The computational needs of the scientific community show no signs of slowing down. Modelling and simulation needs will only increase as we continue to tackle the most difficult problems in energy, health, the environment, and national security. For example, today’s best climate models can only predict changes at very large scale. To be able to plan for national infrastructure (water, electricity), we need to be able to predict future climates at regional and local scales. By some estimates, this will take more than one million times the computing capability than is available on today’s largest systems. Reducing the carbon in our atmosphere will require supercomputers to develop new technologies in nearly every part of the world’s energy infrastructure, from developing superconducting transmission wires, to new batteries and ultra capacitors for energy storage, to new types of materials to make automobiles both lighter and stronger. These are just a few of the nation’s most important problems that are dependent on high-performance computing.

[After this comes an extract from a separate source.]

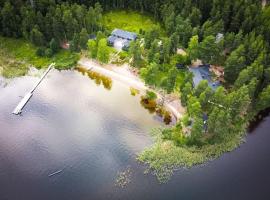 World's End - 2 Luxury Beachfront Villas (425m2), cottage in Mikkeli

As ORNL’s Leadership Computing Facility drives to exascale computing over the next decade, we will continue our commitment to the scientific user community, continuing to provide balanced, scalable, usable computer systems of increasing power. From a technological standpoint, individual processors aren’t getting any faster. Our roadmap includes architectures that use conventional processors and accelerators to achieve higher application performance with less power consumption. Today’s accelerators are providing exciting results on many applications. In the future, we expect to see accelerators that are even more powerful, fault-tolerant, and energy efficient. While technology specifics are impossible to predict a decade in advance, the trends in power consumption, application parallelism, and cost lead us to begin the process of moving our application base to heterogeneous parallel computing. And much like we saw in the 1980s with vector processors, we expect that the transformations needed to support these new systems will be very beneficial for applications on conventional systems.
We’ve been successful over the past five years in our contributions to scientific discovery as a world-class leadership facility. Building on this success we look to an exciting future of science breakthroughs enabled by the resources we provide.